Speaker
Description
In a DAQ system a large fraction of CPU resources is engaged in networking rather than in data processing. The common network stacks that take care of network traffic usually manipulate data through several copies performing expensive operations. Thus, when the CPU is asked to handle networking, the main drawbacks are throughput reduction and latency increase due to the overhead added to the data transmission process. Networking with zero-copy can be achieved by adding a Remote Direct Memory Access (RDMA) layer to the network stack and making dedicated hardware take care of the burden of the stack handling. Considering the ever-growing demand of larger bandwidth for big data systems, many works point in the direction of implementing network stacks on custom hardware. FPGAs are the natural target for reducing time to market and keeping a low entry-barrier. In this work implementation of RDMA directly on the front-end electronics is explored, in this way it is possible to free part of the computing farm's CPU resources.
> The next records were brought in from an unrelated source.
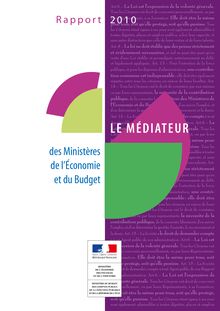 Le médiateur des Ministères de l économie et du budget : rapport 2010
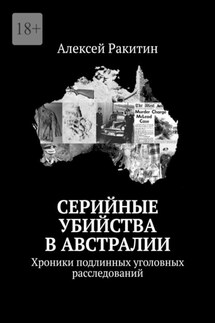 Серийные убийства в Австралии. Хроники подлинных уголовных расследований - Алексей Ракитин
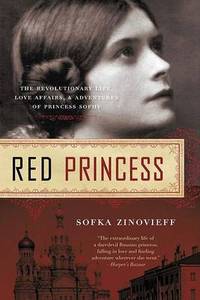 Red Princess: A Revolutionary Life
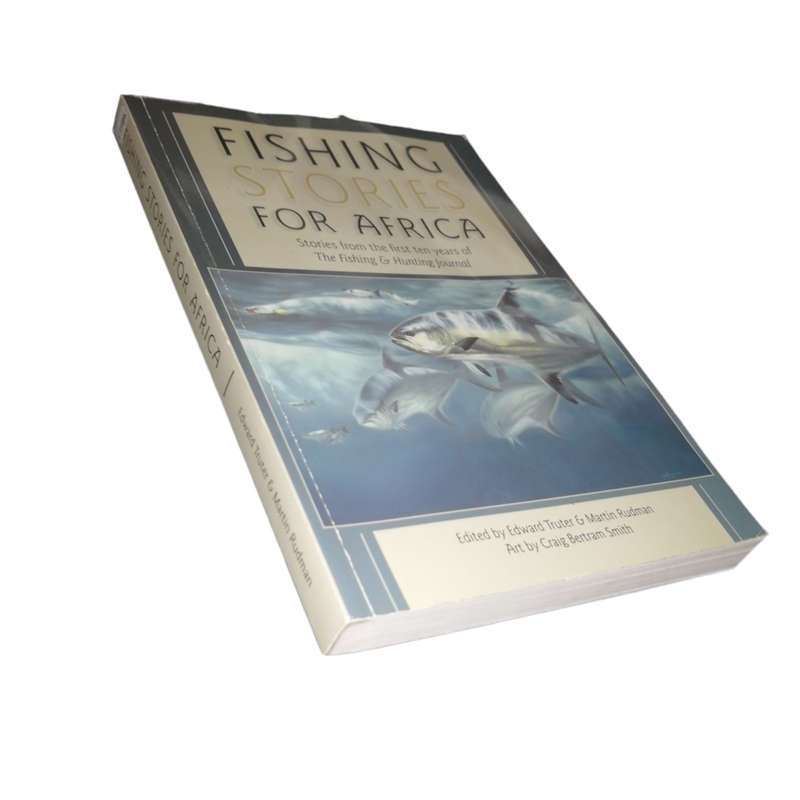 2014 Fishing Stories For Africa by Edward Trurer and Martin Rudman Softcover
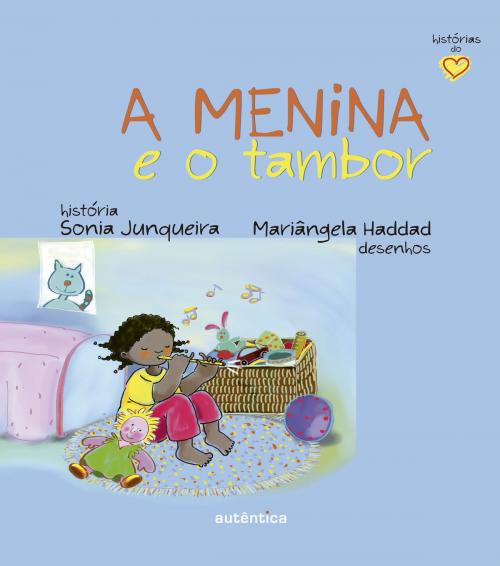 Cover of the book A menina e o tambor by Sonia Junqueira, Autêntica infantil e juvenil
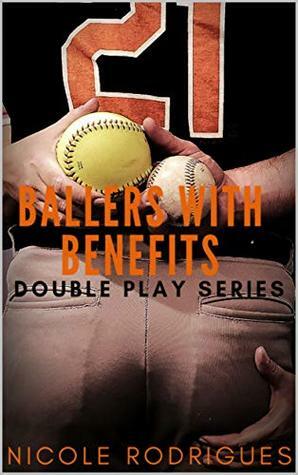 Ballers with Benefits by Nicole Rodrigues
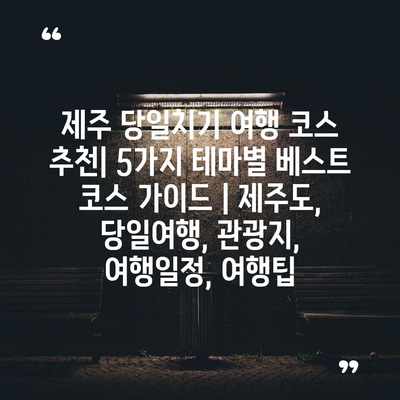 제주 당일치기 여행 코스 추천| 5가지 테마별 베스트 코스 가이드 | 제주도, 당일여행, 관광지, 여행일정, 여행팁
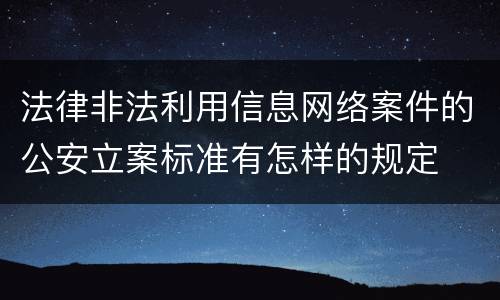 法律非法利用信息网络案件的公安立案标准有怎样的规定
RDMA over Converged Ethernet (RoCE) is the industry-standard Ethernet-based RDMA solution with a multi-vendor ecosystem, making it the natural choice. This work focuses on the hardware implementation of a stripped-down version of RoCEv2 implementing only the transmitter part of the protocol, enabling its deployment in small FPGA such as the rad-hard parts used in the detector front-end. Preliminary results of resource usage, latency and throughput will be shown.